Buttel does not draw the distinction, but he implicitly focuses on the
poetry of the subject, the "Poetry of sky and sea" in the concluding
two stanzas, discussing not deep psychology but rather the syntactical
and semantic features of Stevens's style.

The verse moves fluently from line to line, and the variations
intensify the exultation in the open-air vividness and splendor of
the seascape and skyscape....the combination of accents and
alliteration in "clouds came clustering," with "came" in this context
picking up a stress, heightens the impressiveness and drama produced
by the image of the "sovereign" cloud masses "clustering" -- just the
right word in meaning and sound -- into transitory form. The metrical
regularity of the following sentence, abetted by the repetition of
sound in "conch" and "conjuration," contributes to the majestic
authority of the note sounded by Triton. The suspended moment of
turning is caught in the hovering emphasis on "green blooms turning,"

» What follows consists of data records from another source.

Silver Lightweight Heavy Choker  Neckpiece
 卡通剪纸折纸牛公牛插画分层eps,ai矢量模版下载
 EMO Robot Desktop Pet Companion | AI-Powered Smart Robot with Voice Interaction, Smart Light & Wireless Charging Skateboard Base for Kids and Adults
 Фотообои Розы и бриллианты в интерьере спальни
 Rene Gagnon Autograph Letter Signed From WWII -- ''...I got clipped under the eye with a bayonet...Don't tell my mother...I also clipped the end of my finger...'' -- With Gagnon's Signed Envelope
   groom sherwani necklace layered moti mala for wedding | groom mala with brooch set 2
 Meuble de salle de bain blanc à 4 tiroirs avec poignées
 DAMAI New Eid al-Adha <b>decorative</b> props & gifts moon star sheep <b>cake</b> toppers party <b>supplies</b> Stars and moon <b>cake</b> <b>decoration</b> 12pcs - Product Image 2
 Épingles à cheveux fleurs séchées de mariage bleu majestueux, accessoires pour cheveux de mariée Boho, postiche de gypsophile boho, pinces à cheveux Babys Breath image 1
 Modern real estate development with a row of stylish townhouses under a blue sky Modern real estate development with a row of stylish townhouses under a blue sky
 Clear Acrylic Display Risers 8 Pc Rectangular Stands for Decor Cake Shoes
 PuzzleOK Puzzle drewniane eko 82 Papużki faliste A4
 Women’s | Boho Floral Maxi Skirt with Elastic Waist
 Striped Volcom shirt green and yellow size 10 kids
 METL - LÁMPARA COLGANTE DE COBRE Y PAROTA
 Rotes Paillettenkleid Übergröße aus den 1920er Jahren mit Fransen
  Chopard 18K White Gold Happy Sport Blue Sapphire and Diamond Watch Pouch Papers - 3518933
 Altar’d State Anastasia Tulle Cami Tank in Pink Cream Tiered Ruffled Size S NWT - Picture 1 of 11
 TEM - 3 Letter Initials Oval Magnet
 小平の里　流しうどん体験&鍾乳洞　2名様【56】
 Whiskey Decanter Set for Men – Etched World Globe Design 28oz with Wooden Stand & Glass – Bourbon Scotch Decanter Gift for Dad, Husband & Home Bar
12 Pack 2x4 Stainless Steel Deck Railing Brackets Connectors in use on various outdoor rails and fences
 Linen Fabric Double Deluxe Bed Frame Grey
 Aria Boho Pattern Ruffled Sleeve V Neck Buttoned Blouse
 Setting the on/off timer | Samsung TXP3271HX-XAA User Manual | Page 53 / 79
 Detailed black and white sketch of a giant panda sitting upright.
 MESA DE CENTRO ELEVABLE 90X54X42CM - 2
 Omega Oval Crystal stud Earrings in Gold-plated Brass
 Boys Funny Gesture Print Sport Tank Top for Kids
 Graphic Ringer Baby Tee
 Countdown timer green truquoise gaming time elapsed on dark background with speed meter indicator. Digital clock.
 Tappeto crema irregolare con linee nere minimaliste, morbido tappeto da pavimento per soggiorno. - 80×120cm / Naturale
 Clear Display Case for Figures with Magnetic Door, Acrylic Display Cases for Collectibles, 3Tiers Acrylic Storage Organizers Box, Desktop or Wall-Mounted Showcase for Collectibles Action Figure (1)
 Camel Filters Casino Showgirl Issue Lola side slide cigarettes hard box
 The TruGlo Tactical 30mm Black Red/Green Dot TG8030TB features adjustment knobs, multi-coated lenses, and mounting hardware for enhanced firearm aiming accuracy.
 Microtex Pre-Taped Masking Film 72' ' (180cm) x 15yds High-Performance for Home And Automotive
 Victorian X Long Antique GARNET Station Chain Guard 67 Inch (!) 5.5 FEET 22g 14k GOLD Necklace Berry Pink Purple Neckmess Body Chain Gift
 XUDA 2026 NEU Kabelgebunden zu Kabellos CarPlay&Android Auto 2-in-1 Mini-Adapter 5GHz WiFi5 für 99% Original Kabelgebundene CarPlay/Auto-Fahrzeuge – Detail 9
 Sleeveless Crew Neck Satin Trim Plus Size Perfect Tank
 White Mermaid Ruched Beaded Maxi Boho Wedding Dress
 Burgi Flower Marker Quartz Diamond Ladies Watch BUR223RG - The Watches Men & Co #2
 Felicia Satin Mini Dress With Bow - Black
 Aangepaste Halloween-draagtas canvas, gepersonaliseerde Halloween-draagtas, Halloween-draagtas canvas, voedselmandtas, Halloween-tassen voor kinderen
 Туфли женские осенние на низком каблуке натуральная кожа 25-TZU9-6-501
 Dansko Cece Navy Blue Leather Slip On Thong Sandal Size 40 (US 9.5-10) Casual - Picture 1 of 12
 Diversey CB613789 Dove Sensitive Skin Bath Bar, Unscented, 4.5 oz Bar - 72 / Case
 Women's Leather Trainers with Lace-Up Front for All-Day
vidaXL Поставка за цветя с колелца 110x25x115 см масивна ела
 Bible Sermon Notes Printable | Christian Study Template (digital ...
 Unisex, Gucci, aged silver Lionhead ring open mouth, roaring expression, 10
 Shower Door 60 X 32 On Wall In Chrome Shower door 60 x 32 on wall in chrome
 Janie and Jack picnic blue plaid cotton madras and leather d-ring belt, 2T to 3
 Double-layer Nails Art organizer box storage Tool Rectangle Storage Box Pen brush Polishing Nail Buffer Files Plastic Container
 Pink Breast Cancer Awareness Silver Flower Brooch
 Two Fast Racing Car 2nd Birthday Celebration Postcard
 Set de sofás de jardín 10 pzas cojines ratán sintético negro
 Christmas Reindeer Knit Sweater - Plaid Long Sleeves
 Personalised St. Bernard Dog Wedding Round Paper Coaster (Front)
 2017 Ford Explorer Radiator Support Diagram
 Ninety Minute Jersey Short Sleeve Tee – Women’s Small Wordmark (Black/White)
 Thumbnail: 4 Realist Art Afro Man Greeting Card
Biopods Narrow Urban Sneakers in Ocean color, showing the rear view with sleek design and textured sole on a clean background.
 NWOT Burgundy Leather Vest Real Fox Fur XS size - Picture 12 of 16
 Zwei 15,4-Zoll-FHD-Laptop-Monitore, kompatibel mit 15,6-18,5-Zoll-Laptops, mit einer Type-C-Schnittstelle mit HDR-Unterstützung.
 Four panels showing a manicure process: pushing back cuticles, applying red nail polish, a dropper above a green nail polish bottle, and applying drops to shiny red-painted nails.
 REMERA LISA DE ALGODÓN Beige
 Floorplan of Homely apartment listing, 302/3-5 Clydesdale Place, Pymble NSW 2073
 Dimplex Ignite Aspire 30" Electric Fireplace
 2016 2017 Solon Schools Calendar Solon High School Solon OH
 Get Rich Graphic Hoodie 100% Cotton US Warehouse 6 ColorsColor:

even though the long spondee adds an extra accent to the line; and
this prepares for the immense satisfactionn of "clearing
opalescence" -- the jewel-like iridescence dissolving into an
instant of transfiguring clarity. Such effects lead up to the
triumphant finality of the concluding line, where the partial stress
on "Came" and the accents on the syllables beginning with f
heighten the finality. The series of unstressed syllables in the
penultimate foot not only increases the force of "freshest" but also
helps to convey the ongoing quality of the transfigurations which are
not static, even at the moment when poetic insight draws heaven and
sea into a unity.

Buttel's foregrounding of Stevens's craftsmanship, especially with
reference to syntactic and semantic innovation, is also the approach
favored by Helen Vendler and those inspired by her scholarship. About "Sea Surface Full of Clouds", she writes, "in his witty moments, Stevens practices legerdemain with the world's `reality' and produces a fantasia of shifting possibles, the brilliant changes of `Sea Surface Full of Clouds'." Significantly, this reference occurs in the midst of a long discussion of Stevens's use of grammatical particles like "if" and "as if" in order to achieve the effect of "something half-glimpsed, half-seen, and that is, finally, what Stevens achieves over and over: if he has a dogma, it is the dogma of the shadowy, the ephemeral, the barely perceived, the iridescent."